▸ **Exercise objective**:
What is needed is a verbatim copy of every record below, with the pictures left out.

▸ **Exercise material**:
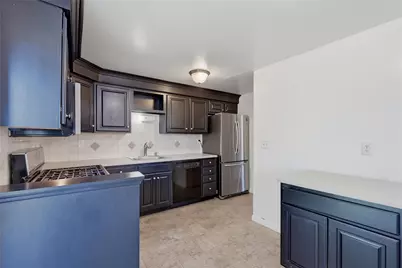 205 Van Doren Drive, Harrison Township, PA 15065 - Photo 9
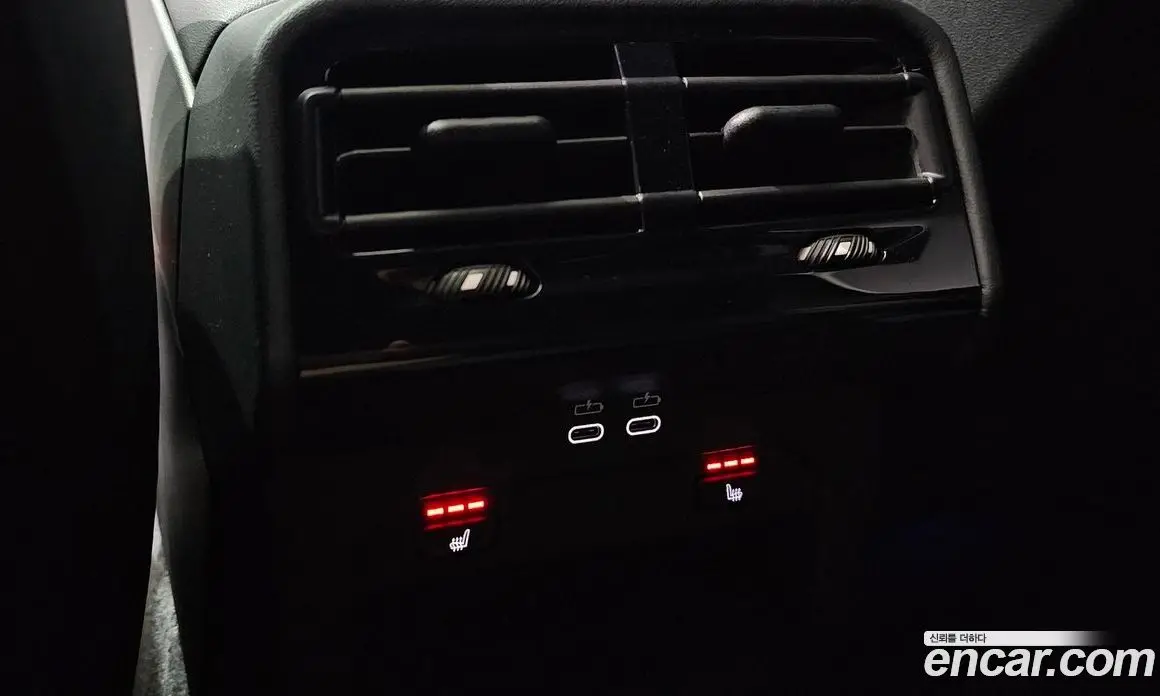 BMW 5 серия 2025 2.0 автомат (гидро), фото 29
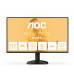AOC 24B31H
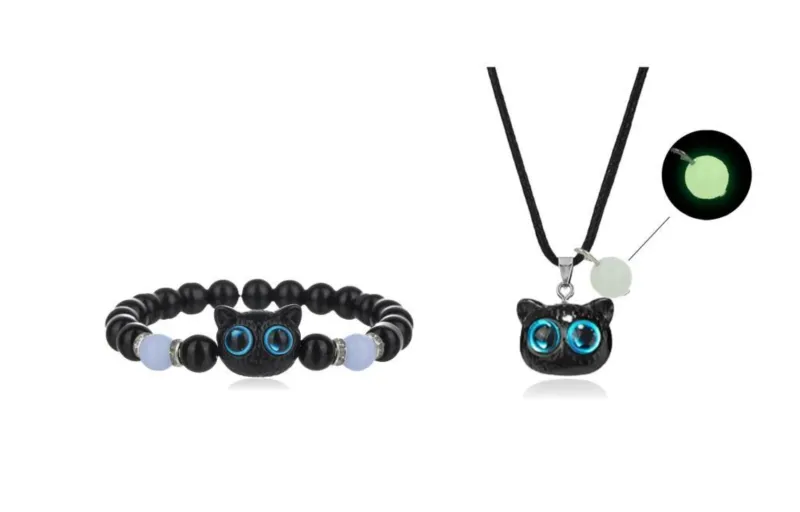 Jin Ruibang Sandalwood Bracelets Unisex-5
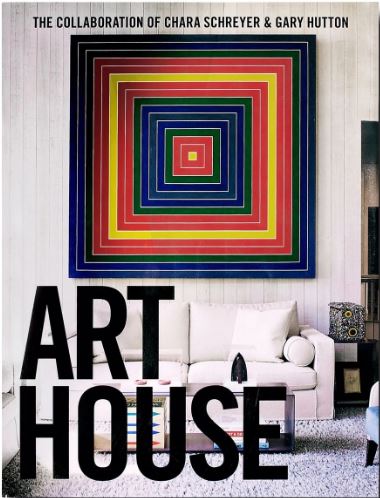 ART HOUSE
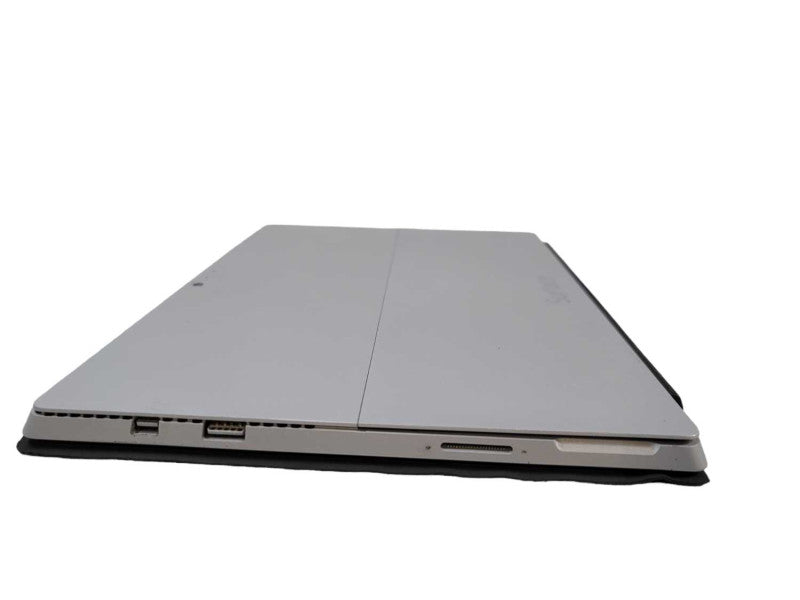 Microsoft Surface Pro 3| i5-4300U| 8GB  DDR3| 256GB SSD QÎ²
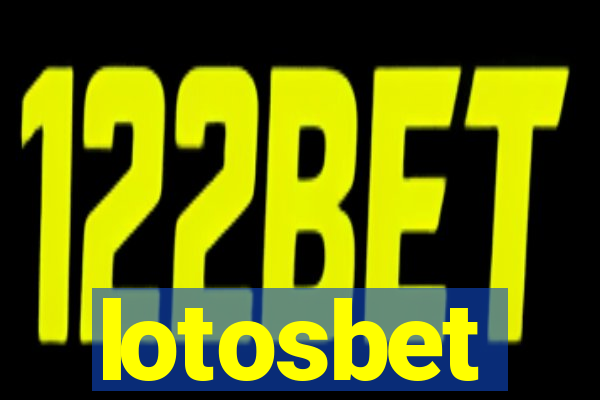 lotosbet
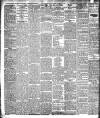 Southern Echo Tuesday 01 October 1901 Page 2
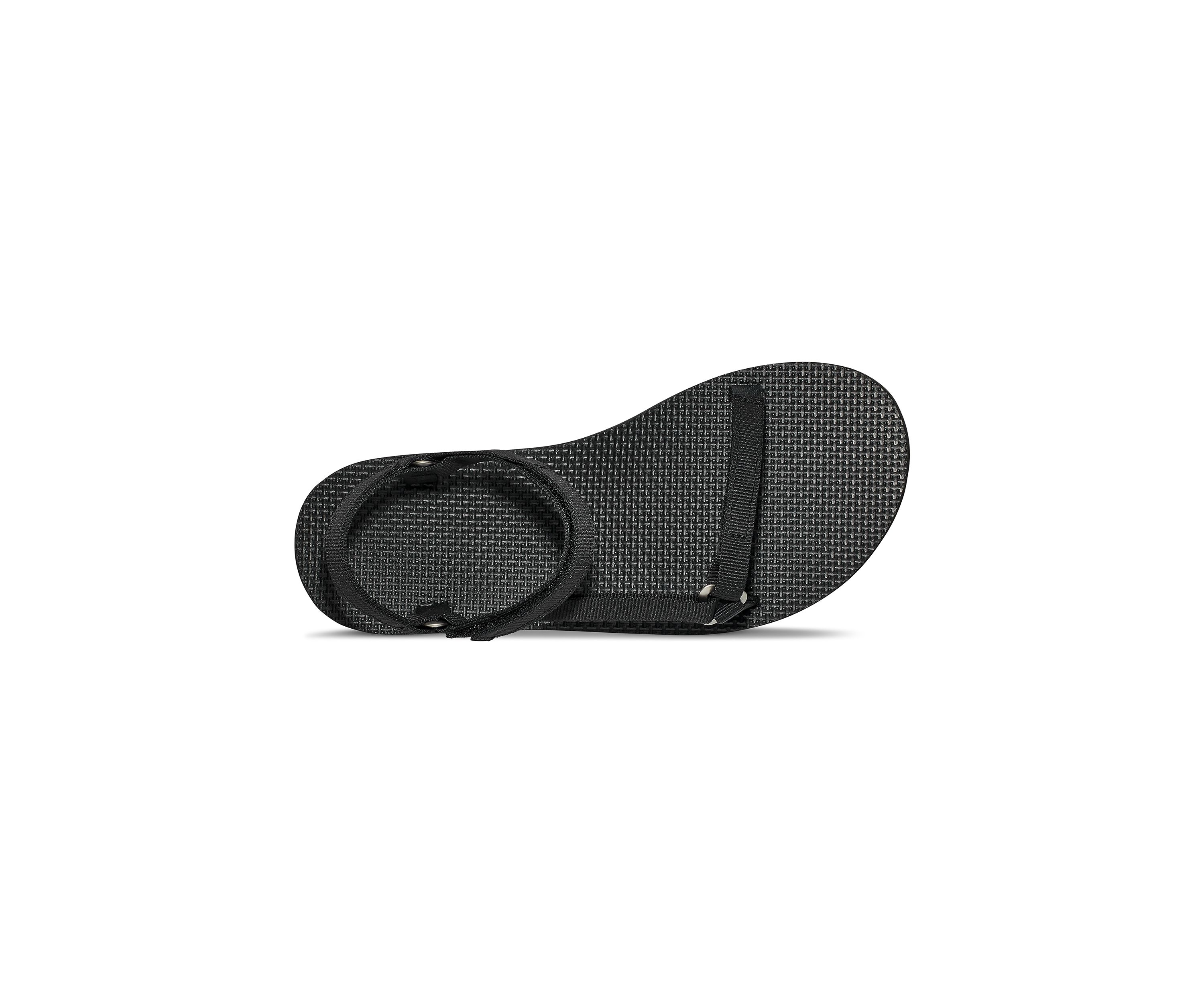 Original Universal Slim Sandals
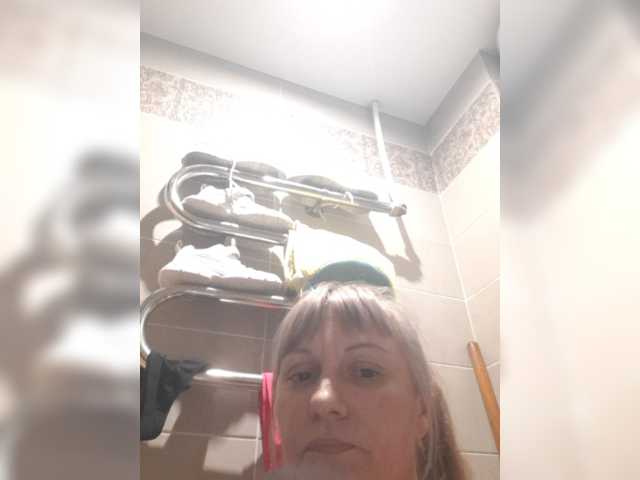 Zlykaa, live now on BongaCams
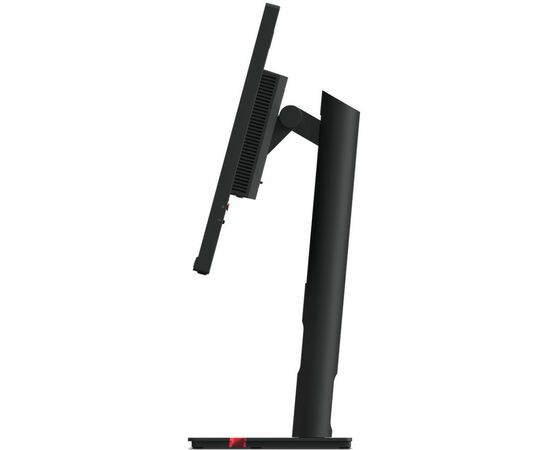 Монитор Lenovo T24i-30 (63CFMATXUA), изображение 6 Монитор Lenovo T24i-30 (63CFMATXUA), изображение 6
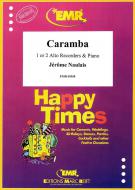 Caramba Download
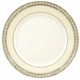 Noritake Chanfaire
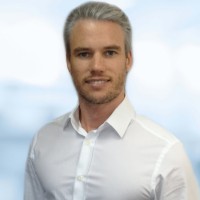 Richard Mitcham Email & Phone Number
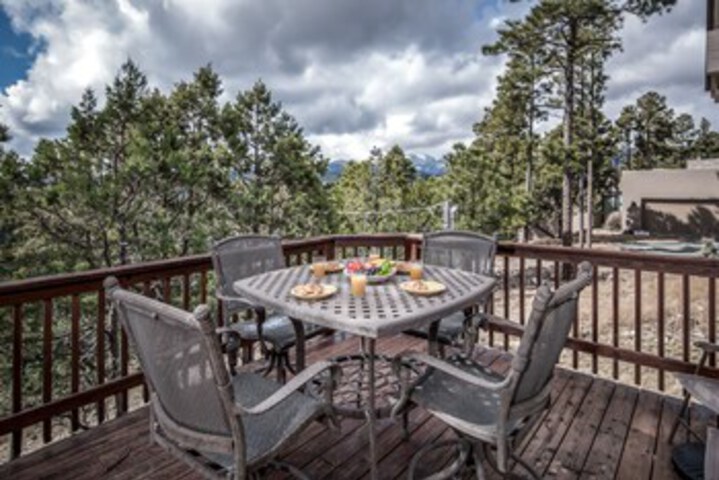 Terrace/Patio 3 of 37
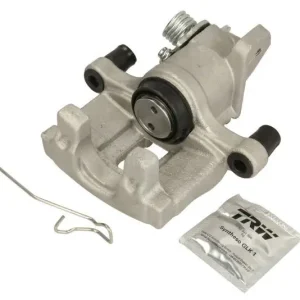 Zacisk hamulca TRW BHN907E Najlepsza cena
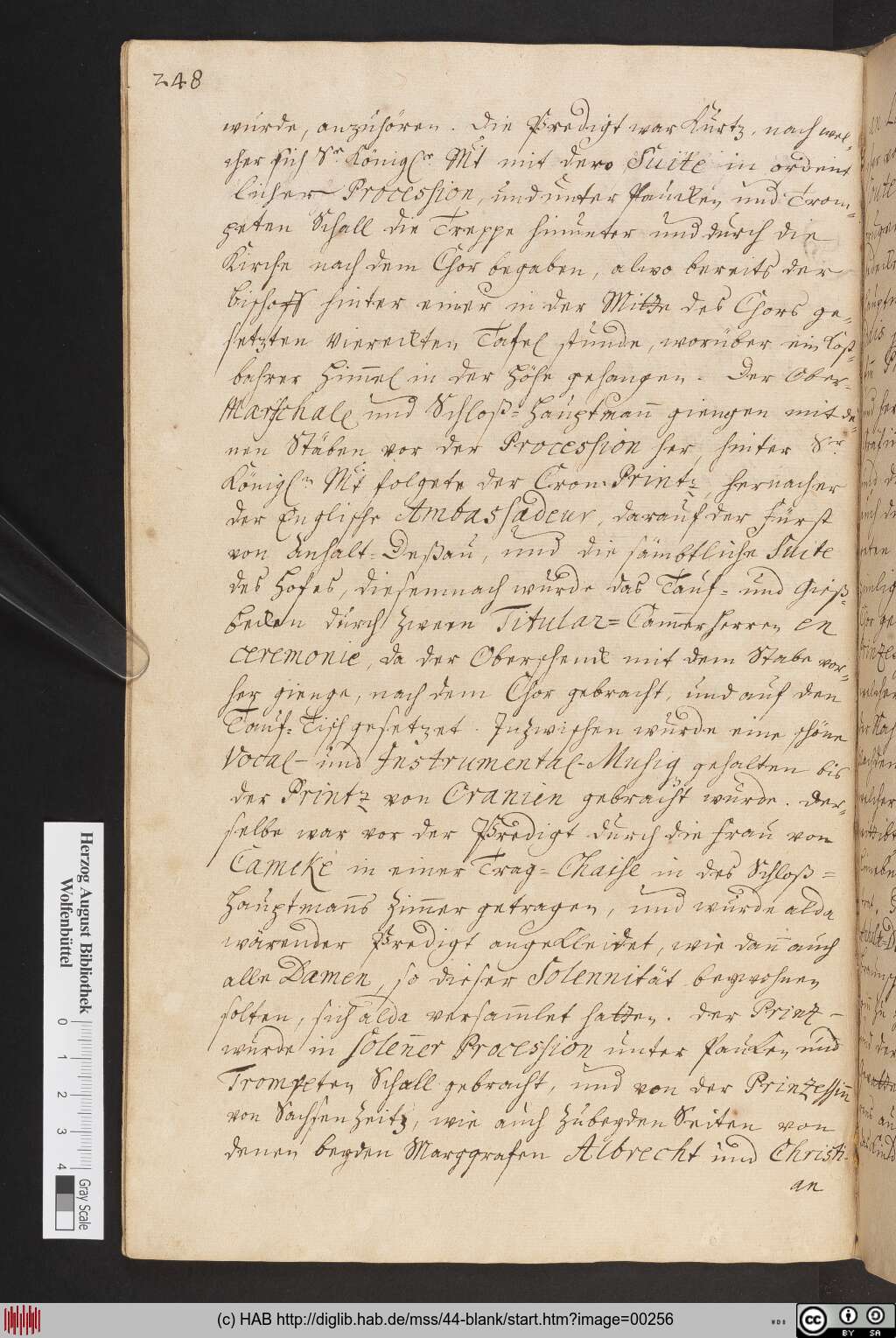 http://diglib.hab.de/mss/44-blank/00256.jpg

▸ **Solution to this exercise**:
 205 Van Doren Drive, Harrison Township, PA 15065 - Photo 9
 BMW 5 серия 2025 2.0 автомат (гидро), фото 29
AOC 24B31H
 Jin Ruibang Sandalwood Bracelets Unisex-5
 ART HOUSE
 Microsoft Surface Pro 3| i5-4300U| 8GB  DDR3| 256GB SSD QÎ²
 lotosbet
 Southern Echo Tuesday 01 October 1901 Page 2
 Original Universal Slim Sandals
 Zlykaa, live now on BongaCams
 Монитор Lenovo T24i-30 (63CFMATXUA), изображение 6 Монитор Lenovo T24i-30 (63CFMATXUA), изображение 6
 Caramba Download
 Noritake Chanfaire
 Richard Mitcham Email & Phone Number
 Terrace/Patio 3 of 37
 Zacisk hamulca TRW BHN907E Najlepsza cena
 http://diglib.hab.de/mss/44-blank/00256.jpg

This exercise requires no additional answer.